- [Task instructions]
Locate the line that contains "11 Ireland Street, Freemans" in the data that follows. Copy it and every subsequent line to the end, exactly, excluding pictures.

Data extracted from a collection
-------------------------

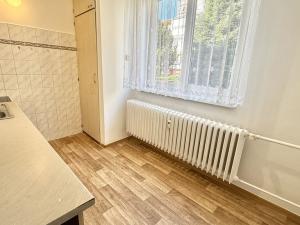 Pronájem bytu 2+1, Ledeč nad Sázavou, Na Rámech, 56 m2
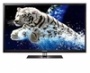 Samsung 55 Inches 3D Full HD LED UA55D6600WM Television
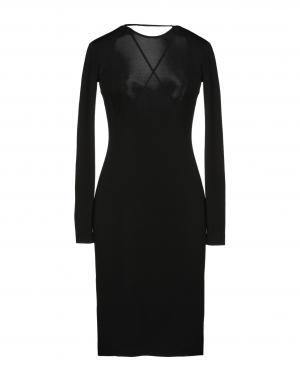 Платье DSQUARED2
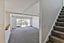 11 Ireland Street, Freemans Bay, Auckland - Carousel 12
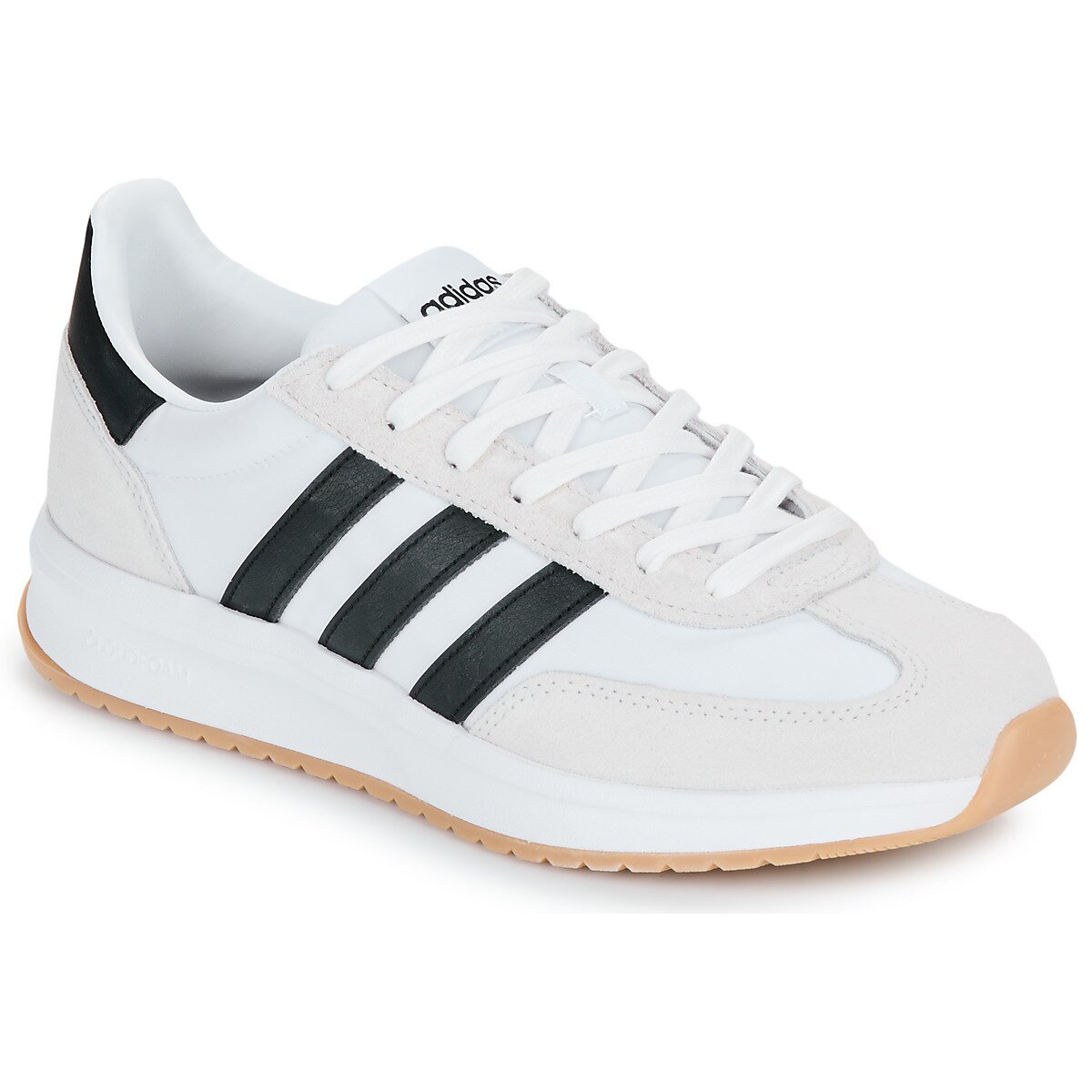 adidas Pantofi RUN 72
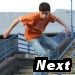 Next Photo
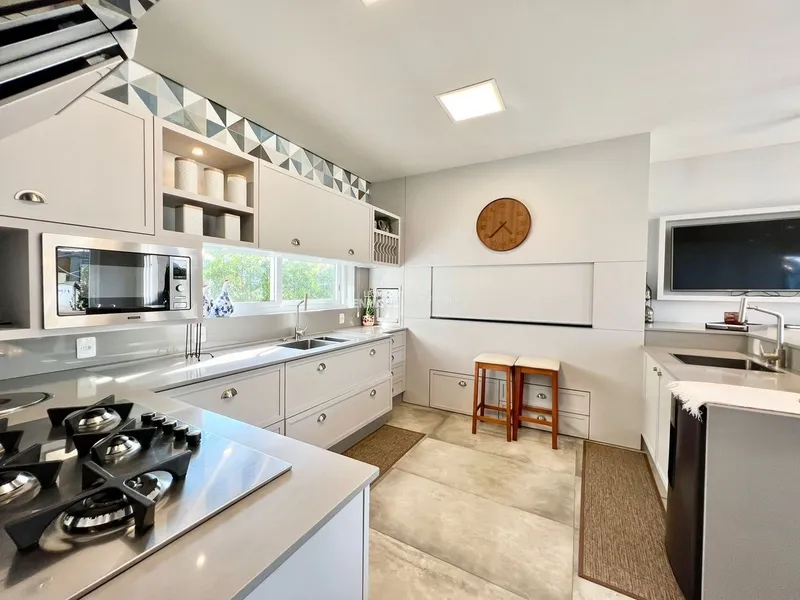 Casa no Condomínio Capão Ilhas Resort de Alto Padrão!!: 27ª foto da galeria de imagens do imóvel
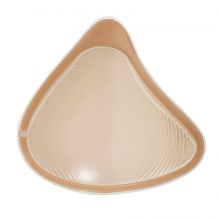 Style 373N - Amoena Breast Form - Model 373N - New!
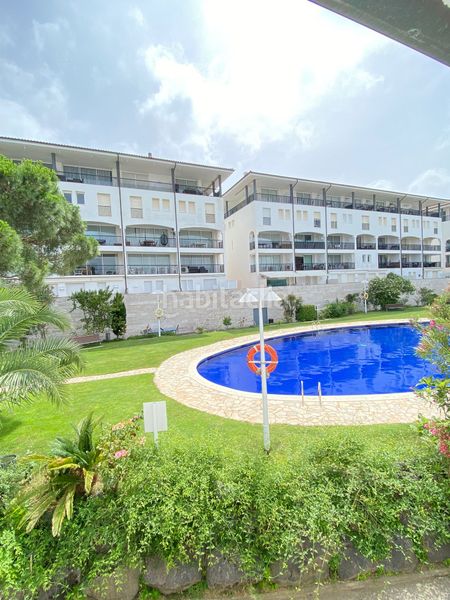 Foto d396727a-a733-4db2-94b6-bf892625c1e5. Casa adossada amb calefacció piscina a Port d´Aro Platja d´Aro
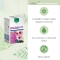 ESI Immunilflor 16 Pocket Drink gusto amarena - Integratore per le difese immunitarie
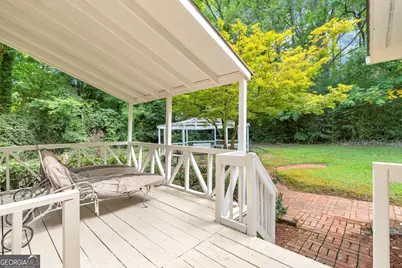 5112 Kurt Lane SW, Conyers, GA 30094 - Photo 78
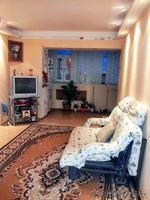 Срочно продам 2х квартиру.Торг уместен - Изображение #1, Объявление #1174580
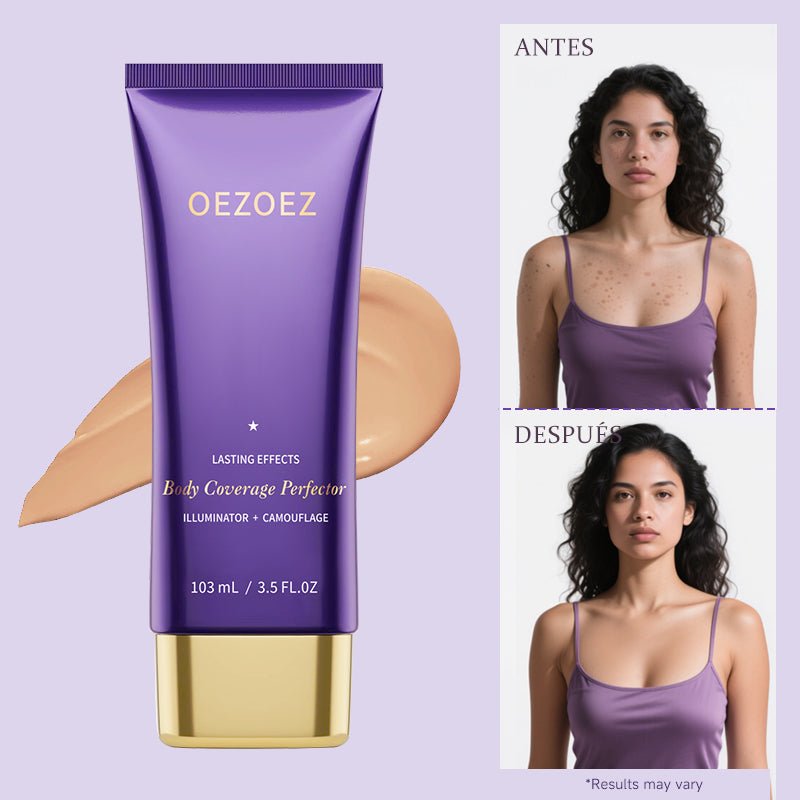 Maquillaje de Cobertura Total Waterproof para Tatuajes y Cicatrices - GimidealMaquillaje de Cobertura Total Waterproof para Tatuajes y CicatricesGimidealGimideal01 LIGHT RADIANCEMaquillaje de Cobertura Total Waterproof para Tatuajes y Cicatrices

-------------------------

- [Response for this exercise]
 11 Ireland Street, Freemans Bay, Auckland - Carousel 12
 adidas Pantofi RUN 72
 Next Photo
 Casa no Condomínio Capão Ilhas Resort de Alto Padrão!!: 27ª foto da galeria de imagens do imóvel
 Style 373N - Amoena Breast Form - Model 373N - New!
 Foto d396727a-a733-4db2-94b6-bf892625c1e5. Casa adossada amb calefacció piscina a Port d´Aro Platja d´Aro
 ESI Immunilflor 16 Pocket Drink gusto amarena - Integratore per le difese immunitarie
 5112 Kurt Lane SW, Conyers, GA 30094 - Photo 78
 Срочно продам 2х квартиру.Торг уместен - Изображение #1, Объявление #1174580
 Maquillaje de Cobertura Total Waterproof para Tatuajes y Cicatrices - GimidealMaquillaje de Cobertura Total Waterproof para Tatuajes y CicatricesGimidealGimideal01 LIGHT RADIANCEMaquillaje de Cobertura Total Waterproof para Tatuajes y Cicatrices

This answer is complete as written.